Mrs. Baffoe-Bonnie was emphatic that this delay puts human lives at risk, stressing that “poor feeding remains a major cause of unrest in Ghana’s prisons.” She added a poignant, human element to the crisis, noting that in the event of any riots, “the poor prison officer becomes the first point of attack before any intervention.” This powerful statement makes the plight of correctional officers—mostly Ghanaian men and women who are themselves underpaid state employees—a central security concern. The welfare of the inmate is intrinsically tied to the safety of the officer and, ultimately, the stability of the institution.
The Waiting Game — Presidential Approval Versus Budgetary Release
The political commitment to reform was articulated by the Minister for the Interior, Muntaka Mohammed-Mubarak, who stated the new GH¢5 rate would be officially captured in the 2026 Budget. While this is a clear government plan, the gap between the September 2025 announcement and the 2026 fiscal year is a window of vulnerability.

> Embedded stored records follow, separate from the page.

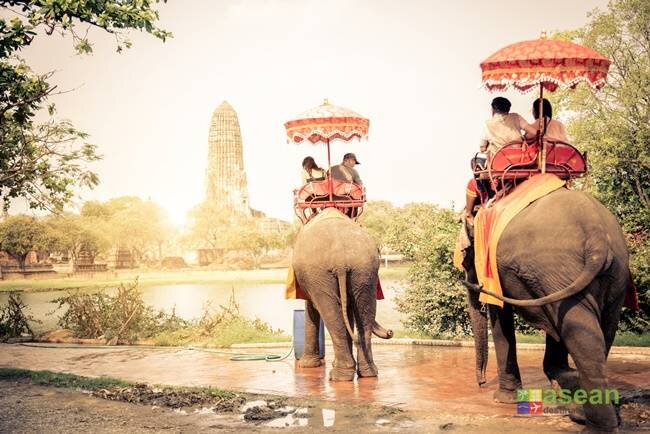 ช้างไทย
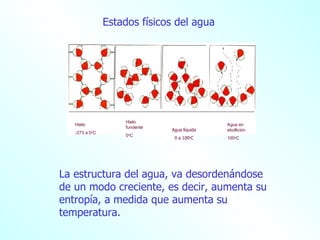 La estructura del agua, va desordenándose de un modo creciente, es decir, aumenta su entropía, a medida que aumenta su temperatura. Hielo -273 a 0 o C Hielo fundente 0 o C Agua líquida 0 a 100 o C Agua en ebullición  100 o C Estados físicos del agua 
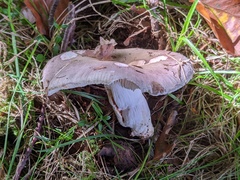 Russula ionochlora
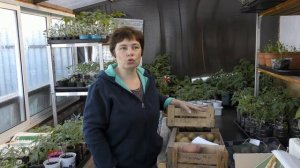 Лучшие сорта картофеля.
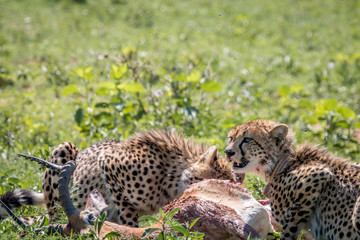 Cheetah feeding on an Impala kill.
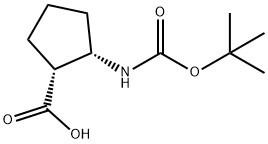 (1R,2S)-2-(BOC-アミノ)シクロペンタンカルボン酸 化学構造式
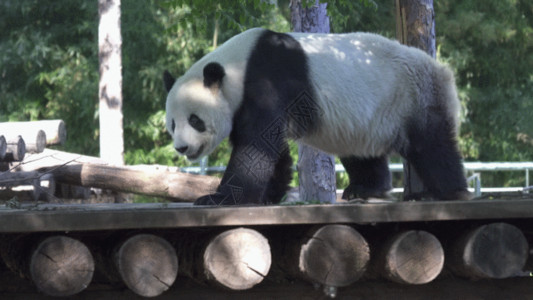 哺乳动物水族馆行走的熊猫GIF高清图片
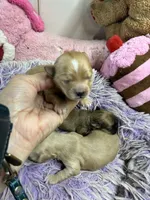 Ariel, a female Shihpoo for sale in Concordia, KS – 2 of 5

Critically, while President Mahama approved the GH¢5 rate and reportedly instructed the release of GH¢10 million to cover the last quarter of 2025, the GPS has not yet received the funds. This delay is the crux of the problem, frustrating the pragmatic efforts of the correctional administration. The DG revealed that authorities had initially proposed GH¢10 per inmate daily, a figure the GH¢5 falls significantly short of, compelling the Service to continue relying on their own agricultural ingenuity.
The political opposition and civil society groups remain skeptical of promises without immediate action. This delay feeds into a broader national narrative in Ghana where policy pronouncements often stall due to Treasury constraints or bureaucratic inertia, making the announcement feel like a political rather than a practical commitment.
Beyond the Gates: A Call for Shared National Responsibility
The plight of the prisoner feeding fee resonates deeply with the Ghanaian concept of collective responsibility, or ubuntu. For many Ghanaians, the fact that an incarcerated adult receives just GH¢1.80 per day is a moral blot on the nation’s conscience, prompting a huge reliance on charity.
The moral outrage is often voiced by ordinary citizens on social media and radio phone-ins. As one Ghanaian often laments, “How can a whole adult eat three times a day on so little? It means we, the citizens, are the ones truly feeding them, not the state.”
Mrs. Baffoe-Bonnie’s ultimate appeal served as a call to the entire Ghanaian society to re-examine its approach to justice: “If we want to have serious public safety in this country, we have to prioritise the needs of prisoners. Because they’re part of us, they will be with us, and we don’t know who will be our next guest.” This final, stark warning transforms the feeding fee debate from a mere budgetary line item into an urgent matter of public health, security, and national character. The increase to GH¢5 is a foundation, but for Ghana to avoid further crises, the approved funds must flow immediately, moving the nation from aspirational politics to accountable governance.